What comes out of this process is a realisation that in business, good communication sells products and services. Inventors don’t have to know sales techniques. But they do need to communicate with clarity and enthusiasm.

Know the Customer

What may seem like a great idea to an inventor may meet with indifference in the outside world. Inventors therefore need a customer strategy.

Whenever an inventor starts developing an idea, he or she must ask one question: who is going to use this new product?

Potential customers may number in the millions or hundreds. They may be consumers or business people. They may be wealthy or have an average income. It doesn’t matter. Inventors must have a clear idea of who is going to buy what they make.


Inventors should not be parochial. They should adopt a worldwide business strategy.

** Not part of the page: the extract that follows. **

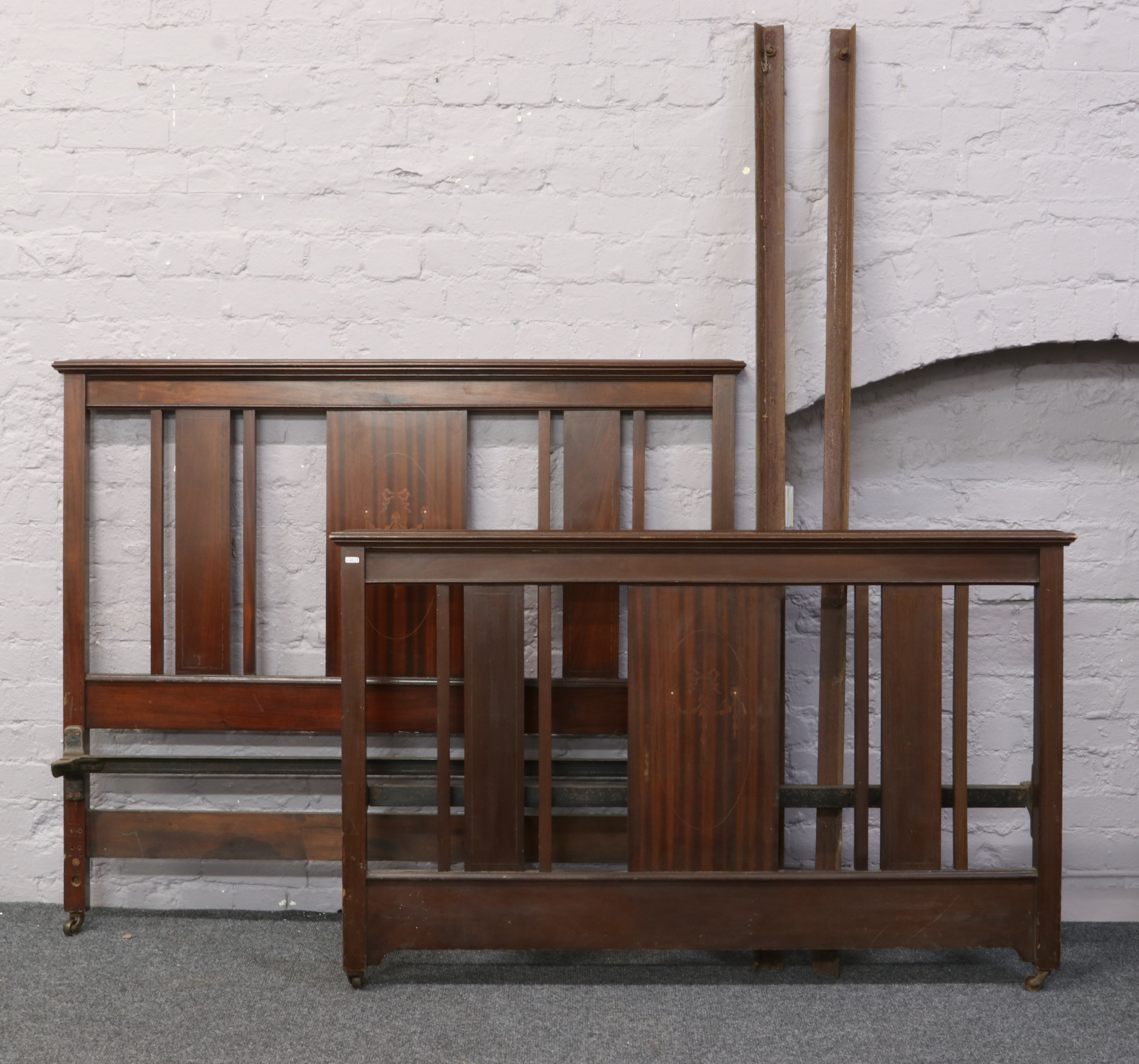 An Edwardian inlaid mahogany double bed frame with irons.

This sounds rather daunting. It’s not. A worldwide strategy simply means that investors should consider whether their ideas would do well in foreign as well as home markets. They also need to decide whether it’s more practical and cost-effective to make a product abroad than in the UK.

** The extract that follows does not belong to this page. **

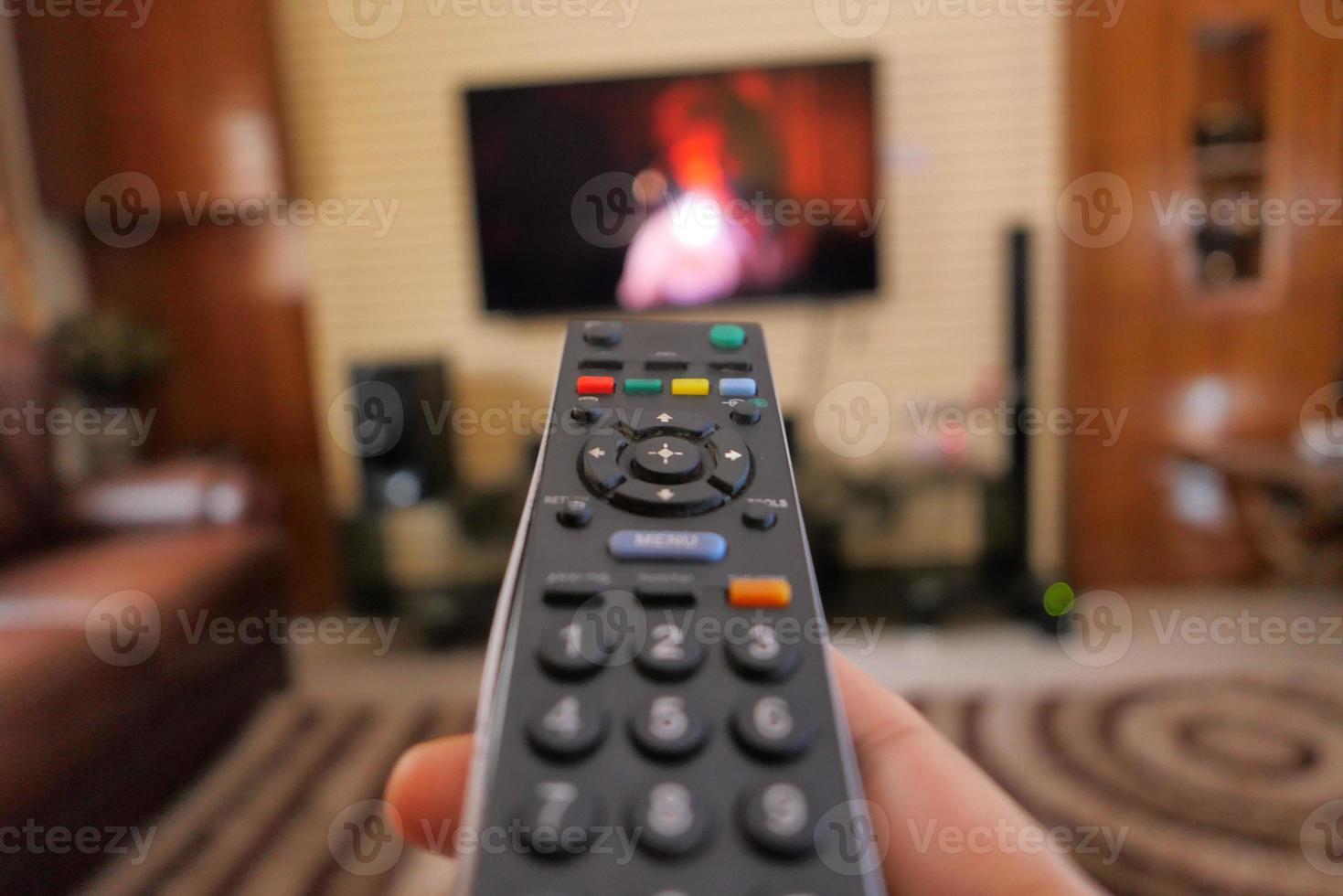 Hand holding TV remote in a living room photo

Business strategists regularly talk about the need for websites and online advertising to promote new products. Inventors should therefore think about an online strategy.

Online marketing is sophisticated. Standalone websites do not succeed. They need support from online and traditional media ads; SEO (search engine optimised) promotion from articles and linked websites; press releases; and appearances in social media. With the right support, online marketing can bring an inventor’s new product to the world’s attention.

Survive for Twelve Months

Inventors need a survival strategy from the moment they begin inventing. The business world can be tough. The frequently quoted statement that 50% of new businesses fail in their first year is an unfortunate fact.

Inventors who work at their ideas full-time must have a twelve-month strategy. They must know in advance how they are going to pull through the first year and pay their bills.

During their first year as sole traders or as directors of limited companies, inventors will learn a lot about the business world whether they want to or not. Many of the lessons are harsh and can damage financial resources. A twelve-month business strategy that allows for the unexpected can mean the difference between long-term success as an inventor and abrupt failure.